◆ **Exercise brief**
Transcribe the listing below in full, keeping every line exactly as it is.

Top of Input records

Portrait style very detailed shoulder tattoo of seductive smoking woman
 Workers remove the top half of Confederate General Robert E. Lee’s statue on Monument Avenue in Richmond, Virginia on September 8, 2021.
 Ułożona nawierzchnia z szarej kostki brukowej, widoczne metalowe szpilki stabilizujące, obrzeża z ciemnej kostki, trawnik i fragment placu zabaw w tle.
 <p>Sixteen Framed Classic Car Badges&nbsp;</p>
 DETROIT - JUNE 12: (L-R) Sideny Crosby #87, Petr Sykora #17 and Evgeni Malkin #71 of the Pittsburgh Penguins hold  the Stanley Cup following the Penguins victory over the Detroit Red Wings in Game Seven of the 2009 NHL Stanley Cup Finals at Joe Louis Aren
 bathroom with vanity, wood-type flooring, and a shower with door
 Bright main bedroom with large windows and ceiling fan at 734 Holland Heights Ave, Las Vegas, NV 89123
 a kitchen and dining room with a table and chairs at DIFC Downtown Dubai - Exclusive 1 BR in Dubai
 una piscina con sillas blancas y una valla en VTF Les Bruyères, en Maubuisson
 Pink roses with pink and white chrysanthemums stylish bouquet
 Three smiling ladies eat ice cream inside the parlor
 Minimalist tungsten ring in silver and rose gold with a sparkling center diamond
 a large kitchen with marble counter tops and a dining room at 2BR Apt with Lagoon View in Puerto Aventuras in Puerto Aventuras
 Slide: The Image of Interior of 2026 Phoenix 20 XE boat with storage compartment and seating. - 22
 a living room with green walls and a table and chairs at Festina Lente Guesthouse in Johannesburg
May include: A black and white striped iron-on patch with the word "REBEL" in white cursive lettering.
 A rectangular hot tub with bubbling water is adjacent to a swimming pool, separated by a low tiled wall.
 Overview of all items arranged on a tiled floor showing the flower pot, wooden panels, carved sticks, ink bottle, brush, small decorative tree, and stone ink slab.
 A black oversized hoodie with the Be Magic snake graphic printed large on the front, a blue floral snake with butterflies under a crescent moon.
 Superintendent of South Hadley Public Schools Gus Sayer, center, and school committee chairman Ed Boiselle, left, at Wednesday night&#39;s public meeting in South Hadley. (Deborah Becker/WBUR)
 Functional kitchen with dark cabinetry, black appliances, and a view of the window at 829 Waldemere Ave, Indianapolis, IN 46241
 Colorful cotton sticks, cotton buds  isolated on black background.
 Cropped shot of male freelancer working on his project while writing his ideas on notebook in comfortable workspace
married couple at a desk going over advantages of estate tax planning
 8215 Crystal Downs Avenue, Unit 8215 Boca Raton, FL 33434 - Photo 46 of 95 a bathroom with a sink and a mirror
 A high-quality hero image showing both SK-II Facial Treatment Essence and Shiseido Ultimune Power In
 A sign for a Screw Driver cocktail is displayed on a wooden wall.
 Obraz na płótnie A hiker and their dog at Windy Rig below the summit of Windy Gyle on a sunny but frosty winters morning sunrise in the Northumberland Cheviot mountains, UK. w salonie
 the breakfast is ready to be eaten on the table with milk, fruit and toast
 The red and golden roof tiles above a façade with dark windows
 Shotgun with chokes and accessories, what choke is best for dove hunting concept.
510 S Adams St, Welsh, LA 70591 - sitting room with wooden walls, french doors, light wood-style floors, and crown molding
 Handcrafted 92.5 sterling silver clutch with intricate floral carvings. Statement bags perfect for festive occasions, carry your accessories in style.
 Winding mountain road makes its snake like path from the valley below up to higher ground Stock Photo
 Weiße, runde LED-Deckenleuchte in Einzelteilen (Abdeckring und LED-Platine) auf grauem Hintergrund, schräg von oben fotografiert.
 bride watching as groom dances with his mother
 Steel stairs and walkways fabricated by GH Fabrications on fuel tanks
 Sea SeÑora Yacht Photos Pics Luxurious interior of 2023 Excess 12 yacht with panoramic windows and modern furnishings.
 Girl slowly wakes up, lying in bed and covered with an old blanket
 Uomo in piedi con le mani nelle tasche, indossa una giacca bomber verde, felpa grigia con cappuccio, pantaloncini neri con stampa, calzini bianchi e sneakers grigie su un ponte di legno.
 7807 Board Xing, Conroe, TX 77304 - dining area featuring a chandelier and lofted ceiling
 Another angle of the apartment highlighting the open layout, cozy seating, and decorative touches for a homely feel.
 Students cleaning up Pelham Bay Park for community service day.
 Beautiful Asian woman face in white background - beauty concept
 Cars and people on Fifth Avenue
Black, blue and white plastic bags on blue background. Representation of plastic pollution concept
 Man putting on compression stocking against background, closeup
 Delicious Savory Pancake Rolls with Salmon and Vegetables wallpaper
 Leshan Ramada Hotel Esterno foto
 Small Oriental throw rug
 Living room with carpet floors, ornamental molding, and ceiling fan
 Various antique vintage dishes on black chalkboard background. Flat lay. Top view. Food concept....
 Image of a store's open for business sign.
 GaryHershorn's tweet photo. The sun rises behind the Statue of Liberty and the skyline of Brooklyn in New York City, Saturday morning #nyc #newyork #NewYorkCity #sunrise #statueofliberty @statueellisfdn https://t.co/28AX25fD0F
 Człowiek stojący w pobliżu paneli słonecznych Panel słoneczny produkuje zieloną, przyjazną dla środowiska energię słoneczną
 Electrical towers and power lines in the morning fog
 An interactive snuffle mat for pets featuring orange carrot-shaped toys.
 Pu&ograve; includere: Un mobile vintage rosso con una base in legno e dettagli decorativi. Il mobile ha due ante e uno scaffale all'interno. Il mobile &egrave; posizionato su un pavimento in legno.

Bottom of Input records

◆ **Result**
Portrait style very detailed shoulder tattoo of seductive smoking woman
 Workers remove the top half of Confederate General Robert E. Lee’s statue on Monument Avenue in Richmond, Virginia on September 8, 2021.
 Ułożona nawierzchnia z szarej kostki brukowej, widoczne metalowe szpilki stabilizujące, obrzeża z ciemnej kostki, trawnik i fragment placu zabaw w tle.
 <p>Sixteen Framed Classic Car Badges&nbsp;</p>
 DETROIT - JUNE 12: (L-R) Sideny Crosby #87, Petr Sykora #17 and Evgeni Malkin #71 of the Pittsburgh Penguins hold  the Stanley Cup following the Penguins victory over the Detroit Red Wings in Game Seven of the 2009 NHL Stanley Cup Finals at Joe Louis Aren
 bathroom with vanity, wood-type flooring, and a shower with door
 Bright main bedroom with large windows and ceiling fan at 734 Holland Heights Ave, Las Vegas, NV 89123
 a kitchen and dining room with a table and chairs at DIFC Downtown Dubai - Exclusive 1 BR in Dubai
 una piscina con sillas blancas y una valla en VTF Les Bruyères, en Maubuisson
 Pink roses with pink and white chrysanthemums stylish bouquet
 Three smiling ladies eat ice cream inside the parlor
 Minimalist tungsten ring in silver and rose gold with a sparkling center diamond
 a large kitchen with marble counter tops and a dining room at 2BR Apt with Lagoon View in Puerto Aventuras in Puerto Aventuras
 Slide: The Image of Interior of 2026 Phoenix 20 XE boat with storage compartment and seating. - 22
 a living room with green walls and a table and chairs at Festina Lente Guesthouse in Johannesburg
May include: A black and white striped iron-on patch with the word "REBEL" in white cursive lettering.
 A rectangular hot tub with bubbling water is adjacent to a swimming pool, separated by a low tiled wall.
 Overview of all items arranged on a tiled floor showing the flower pot, wooden panels, carved sticks, ink bottle, brush, small decorative tree, and stone ink slab.
 A black oversized hoodie with the Be Magic snake graphic printed large on the front, a blue floral snake with butterflies under a crescent moon.
 Superintendent of South Hadley Public Schools Gus Sayer, center, and school committee chairman Ed Boiselle, left, at Wednesday night&#39;s public meeting in South Hadley. (Deborah Becker/WBUR)
 Functional kitchen with dark cabinetry, black appliances, and a view of the window at 829 Waldemere Ave, Indianapolis, IN 46241
 Colorful cotton sticks, cotton buds  isolated on black background.
 Cropped shot of male freelancer working on his project while writing his ideas on notebook in comfortable workspace
married couple at a desk going over advantages of estate tax planning
 8215 Crystal Downs Avenue, Unit 8215 Boca Raton, FL 33434 - Photo 46 of 95 a bathroom with a sink and a mirror
 A high-quality hero image showing both SK-II Facial Treatment Essence and Shiseido Ultimune Power In
 A sign for a Screw Driver cocktail is displayed on a wooden wall.
 Obraz na płótnie A hiker and their dog at Windy Rig below the summit of Windy Gyle on a sunny but frosty winters morning sunrise in the Northumberland Cheviot mountains, UK. w salonie
 the breakfast is ready to be eaten on the table with milk, fruit and toast
 The red and golden roof tiles above a façade with dark windows
 Shotgun with chokes and accessories, what choke is best for dove hunting concept.
510 S Adams St, Welsh, LA 70591 - sitting room with wooden walls, french doors, light wood-style floors, and crown molding
 Handcrafted 92.5 sterling silver clutch with intricate floral carvings. Statement bags perfect for festive occasions, carry your accessories in style.
 Winding mountain road makes its snake like path from the valley below up to higher ground Stock Photo
 Weiße, runde LED-Deckenleuchte in Einzelteilen (Abdeckring und LED-Platine) auf grauem Hintergrund, schräg von oben fotografiert.
 bride watching as groom dances with his mother
 Steel stairs and walkways fabricated by GH Fabrications on fuel tanks
 Sea SeÑora Yacht Photos Pics Luxurious interior of 2023 Excess 12 yacht with panoramic windows and modern furnishings.
 Girl slowly wakes up, lying in bed and covered with an old blanket
 Uomo in piedi con le mani nelle tasche, indossa una giacca bomber verde, felpa grigia con cappuccio, pantaloncini neri con stampa, calzini bianchi e sneakers grigie su un ponte di legno.
 7807 Board Xing, Conroe, TX 77304 - dining area featuring a chandelier and lofted ceiling
 Another angle of the apartment highlighting the open layout, cozy seating, and decorative touches for a homely feel.
 Students cleaning up Pelham Bay Park for community service day.
 Beautiful Asian woman face in white background - beauty concept
 Cars and people on Fifth Avenue
Black, blue and white plastic bags on blue background. Representation of plastic pollution concept
 Man putting on compression stocking against background, closeup
 Delicious Savory Pancake Rolls with Salmon and Vegetables wallpaper
 Leshan Ramada Hotel Esterno foto
 Small Oriental throw rug
 Living room with carpet floors, ornamental molding, and ceiling fan
 Various antique vintage dishes on black chalkboard background. Flat lay. Top view. Food concept....
 Image of a store's open for business sign.
 GaryHershorn's tweet photo. The sun rises behind the Statue of Liberty and the skyline of Brooklyn in New York City, Saturday morning #nyc #newyork #NewYorkCity #sunrise #statueofliberty @statueellisfdn https://t.co/28AX25fD0F
 Człowiek stojący w pobliżu paneli słonecznych Panel słoneczny produkuje zieloną, przyjazną dla środowiska energię słoneczną
 Electrical towers and power lines in the morning fog
 An interactive snuffle mat for pets featuring orange carrot-shaped toys.
 Pu&ograve; includere: Un mobile vintage rosso con una base in legno e dettagli decorativi. Il mobile ha due ante e uno scaffale all'interno. Il mobile &egrave; posizionato su un pavimento in legno.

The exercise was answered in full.